Please retype the entries below word for word, passing over every picture.

══ Information given ══

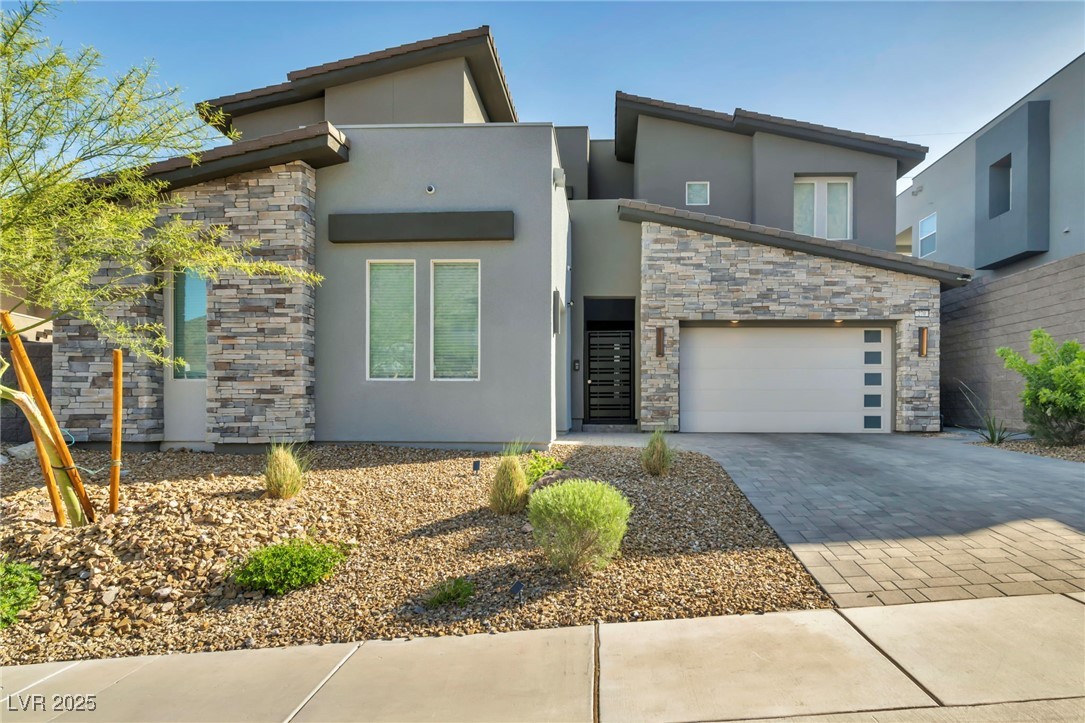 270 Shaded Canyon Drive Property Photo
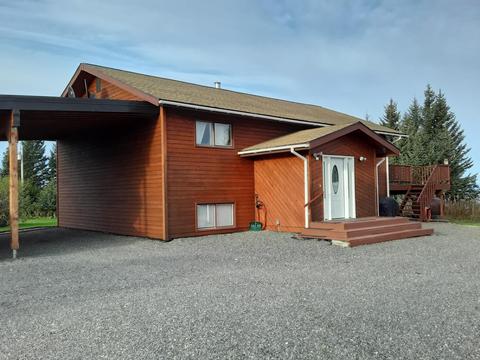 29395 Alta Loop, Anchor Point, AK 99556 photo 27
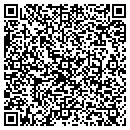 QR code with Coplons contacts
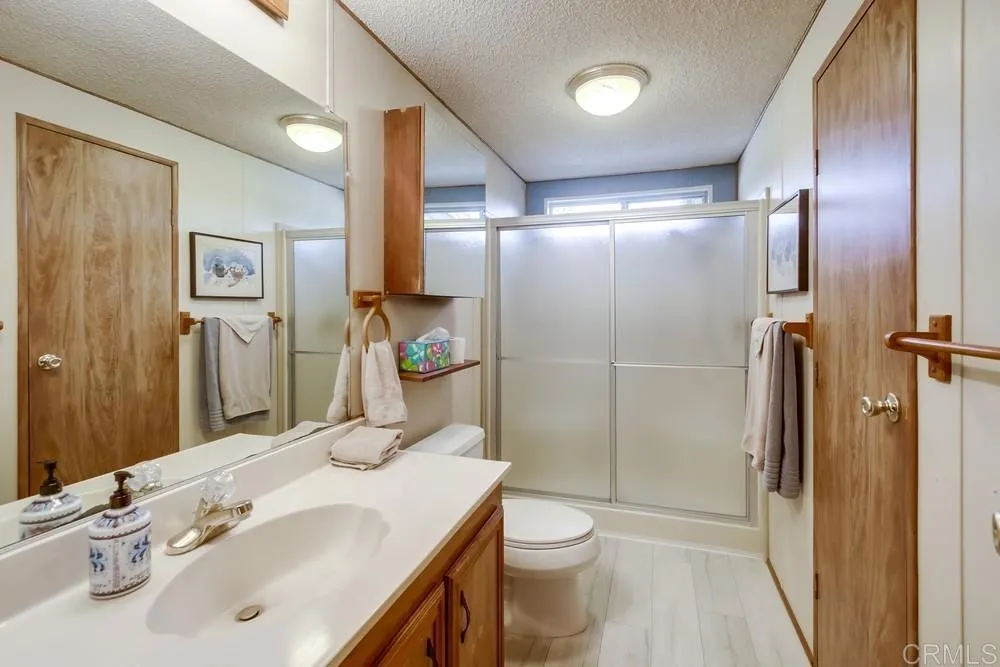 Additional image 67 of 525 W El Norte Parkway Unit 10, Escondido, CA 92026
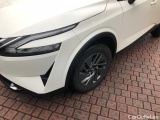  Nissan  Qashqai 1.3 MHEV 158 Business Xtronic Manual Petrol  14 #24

═══

◆ **Reply**
 270 Shaded Canyon Drive Property Photo
 29395 Alta Loop, Anchor Point, AK 99556 photo 27
 QR code with Coplons contacts
 Additional image 67 of 525 W El Norte Parkway Unit 10, Escondido, CA 92026
  Nissan  Qashqai 1.3 MHEV 158 Business Xtronic Manual Petrol  14 #24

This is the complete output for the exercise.